It's hard to believe it was only in 1984 that Advance Australia Fair, first performed in 1878, formally replaced the outdated God Save The Queen as our national anthem.
That followed a referendum in 1977 that asked voters to nominate their preferred national song from a list that also included Waltzing Matilda and the largely-forgotten Song Of Australia.
To be fair, it was probably the best of a bad bunch at the time but a look at the lyrics through the prism of 2019 Australia certainly casts the anthem in a new light.
And it is concerns over some of the anthem's lyrics that have prompted a silent protest from some of rugby league's indigenous stars - among them the Blues' Cody Walker, Josh Addo-Carr and Latrell MItchell, and the Maroons' Will Chambers.
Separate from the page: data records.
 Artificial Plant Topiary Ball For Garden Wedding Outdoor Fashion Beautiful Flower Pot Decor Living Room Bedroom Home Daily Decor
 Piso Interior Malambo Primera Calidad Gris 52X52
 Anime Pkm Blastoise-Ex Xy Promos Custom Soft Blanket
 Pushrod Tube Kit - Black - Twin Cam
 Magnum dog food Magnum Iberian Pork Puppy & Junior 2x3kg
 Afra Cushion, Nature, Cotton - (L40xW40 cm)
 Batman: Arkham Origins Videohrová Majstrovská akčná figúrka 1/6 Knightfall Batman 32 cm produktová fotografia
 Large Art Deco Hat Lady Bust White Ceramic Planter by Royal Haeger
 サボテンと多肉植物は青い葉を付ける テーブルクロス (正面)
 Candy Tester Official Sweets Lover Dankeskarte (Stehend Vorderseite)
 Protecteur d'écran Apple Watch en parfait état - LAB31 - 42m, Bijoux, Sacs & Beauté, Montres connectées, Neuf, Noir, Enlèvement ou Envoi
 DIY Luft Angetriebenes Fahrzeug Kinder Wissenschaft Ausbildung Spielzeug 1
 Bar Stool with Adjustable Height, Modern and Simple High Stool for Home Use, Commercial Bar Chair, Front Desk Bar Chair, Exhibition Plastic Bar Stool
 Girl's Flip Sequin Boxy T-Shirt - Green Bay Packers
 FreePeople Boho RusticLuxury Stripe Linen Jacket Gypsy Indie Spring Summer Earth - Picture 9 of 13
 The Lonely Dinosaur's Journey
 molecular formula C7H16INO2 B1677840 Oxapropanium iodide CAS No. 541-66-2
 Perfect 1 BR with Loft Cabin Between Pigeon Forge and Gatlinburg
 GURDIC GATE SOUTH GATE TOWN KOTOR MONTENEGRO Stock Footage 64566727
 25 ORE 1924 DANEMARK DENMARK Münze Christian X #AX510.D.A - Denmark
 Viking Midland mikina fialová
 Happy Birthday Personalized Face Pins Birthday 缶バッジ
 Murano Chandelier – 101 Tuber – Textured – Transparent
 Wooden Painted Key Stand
Their concerns - and the concerns of the communities they represent - must be taken seriously.
The first concern is the anthem's second line - "for we are young and free".
When written in the 1870s, "young" referred to just a century of European settlement. That period offered no recognition of the 40,000 years of indigenous settlement that predated the arrival of the First Fleet, but it's no longer appropriate for our anthem to perpetuate that lie.
"For those who've come across the seas, we've boundless plains to share" also denies the experience of indigenous Australia.
And so a national conversation on the anthem is not out of place at this time.
Perhaps I Am Australian or My Island Home - either in their current form or with modifications - might be better choices, or maybe we should call a national competition to find something new all together.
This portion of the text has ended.